— Task objective —
The entries below are to be copied exactly, with every picture left out.

Web page caption snippets:
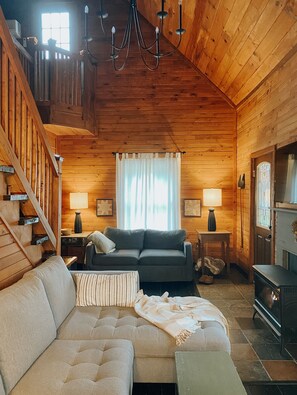 Una Smart TV, una chimenea, libros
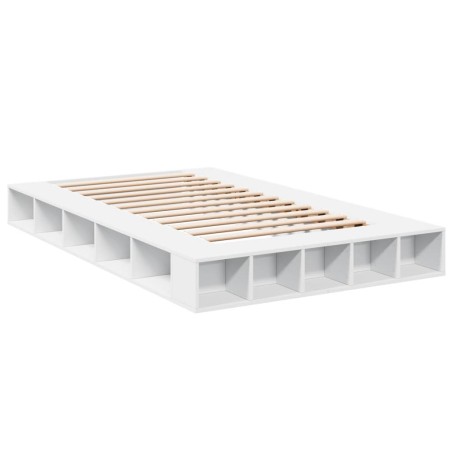 vidaXL Estructura de cama madera de ingeniería blanca 135x190 cm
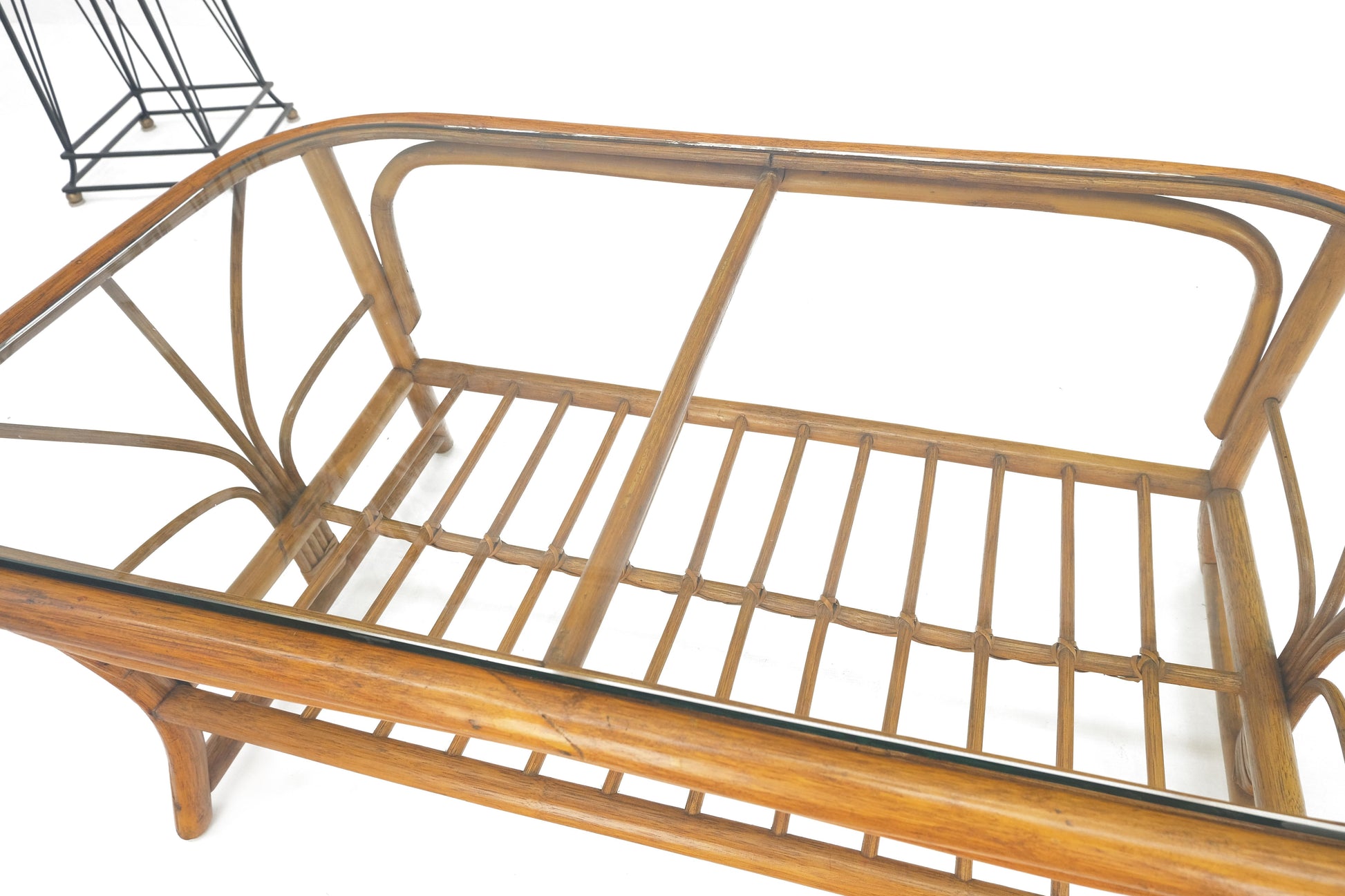 EstablishedLines Ficks Reed Rattan Bamboo Rounded Corners Two Tier Coffee Table c1970s MINT!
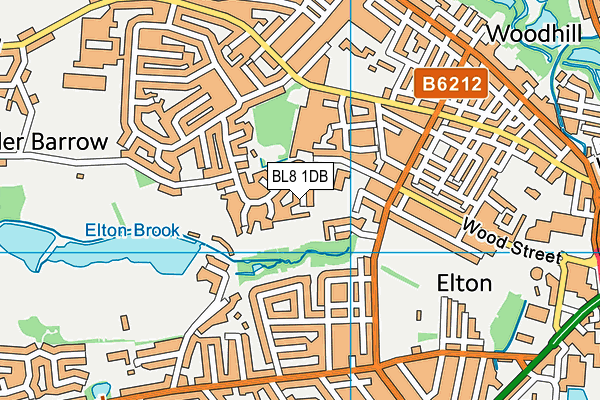 BL8 1DB map - OS VectorMap District (Ordnance Survey)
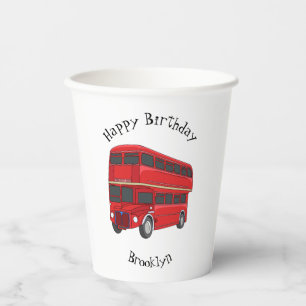 Double-decker bus cartoon illustration  paper cups
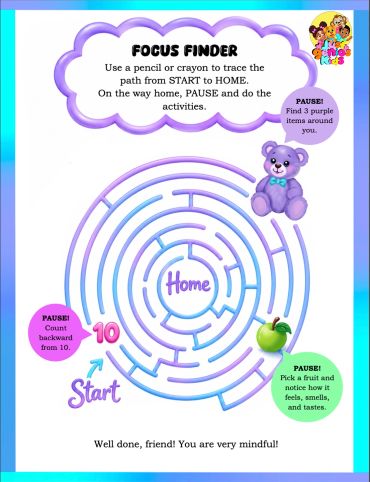 Focus Finder maze activity with colorful instructions and images.
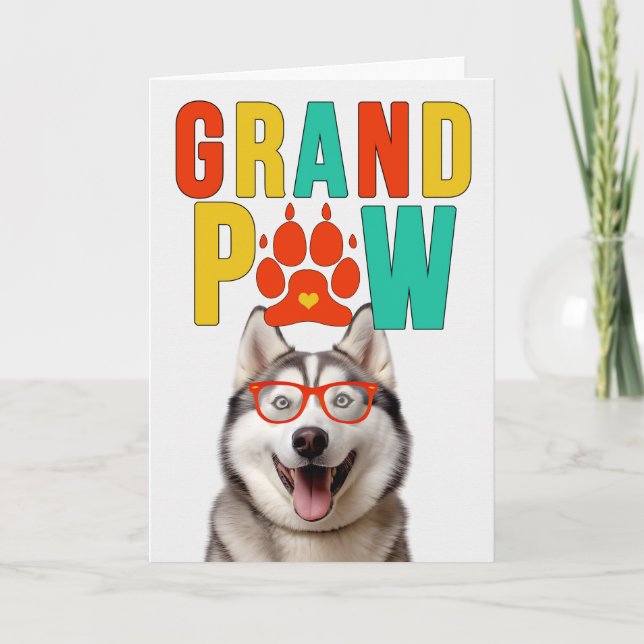 GrandPAW Malamute GrandDOG Grandföräldrar Day Helgkort (Framsida)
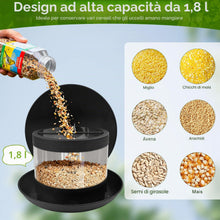 Carica l'immagine nel visualizzatore di Gallery, Mangiatoia per Uccellini da Esterno Appendere, Capacità 1.8L Mangiatoie per Uccelli Selvatici Grande Capacità, Mangime p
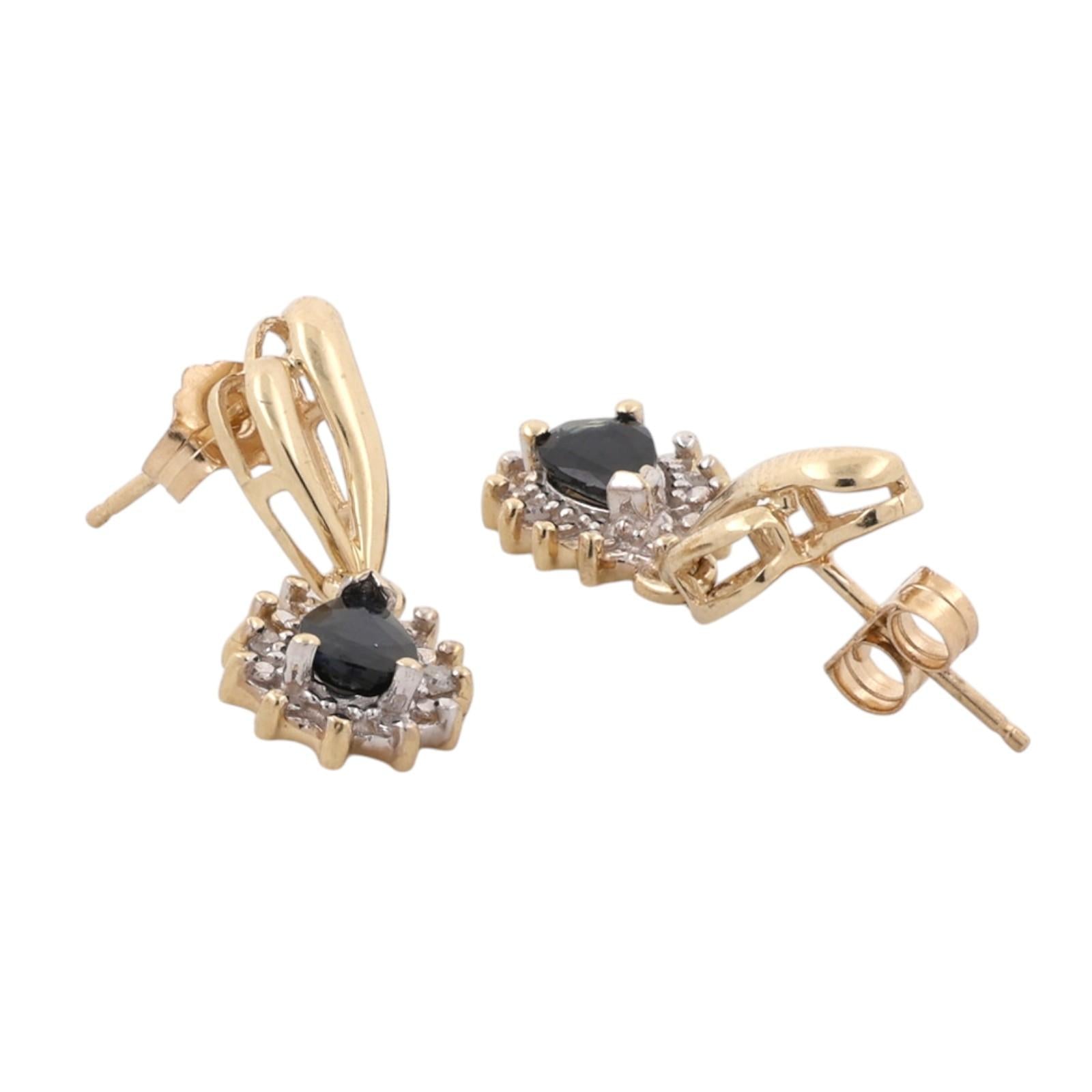 Pear Blue Sapphire Diamond Halo Drop Earrings 14K Two Tone Gold Estate 0.84CTW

— Expected answer —
 Una Smart TV, una chimenea, libros
 vidaXL Estructura de cama madera de ingeniería blanca 135x190 cm
 EstablishedLines Ficks Reed Rattan Bamboo Rounded Corners Two Tier Coffee Table c1970s MINT!
 BL8 1DB map - OS VectorMap District (Ordnance Survey)
 Double-decker bus cartoon illustration  paper cups
 Focus Finder maze activity with colorful instructions and images.
 GrandPAW Malamute GrandDOG Grandföräldrar Day Helgkort (Framsida)
 Carica l'immagine nel visualizzatore di Gallery, Mangiatoia per Uccellini da Esterno Appendere, Capacità 1.8L Mangiatoie per Uccelli Selvatici Grande Capacità, Mangime p
 Pear Blue Sapphire Diamond Halo Drop Earrings 14K Two Tone Gold Estate 0.84CTW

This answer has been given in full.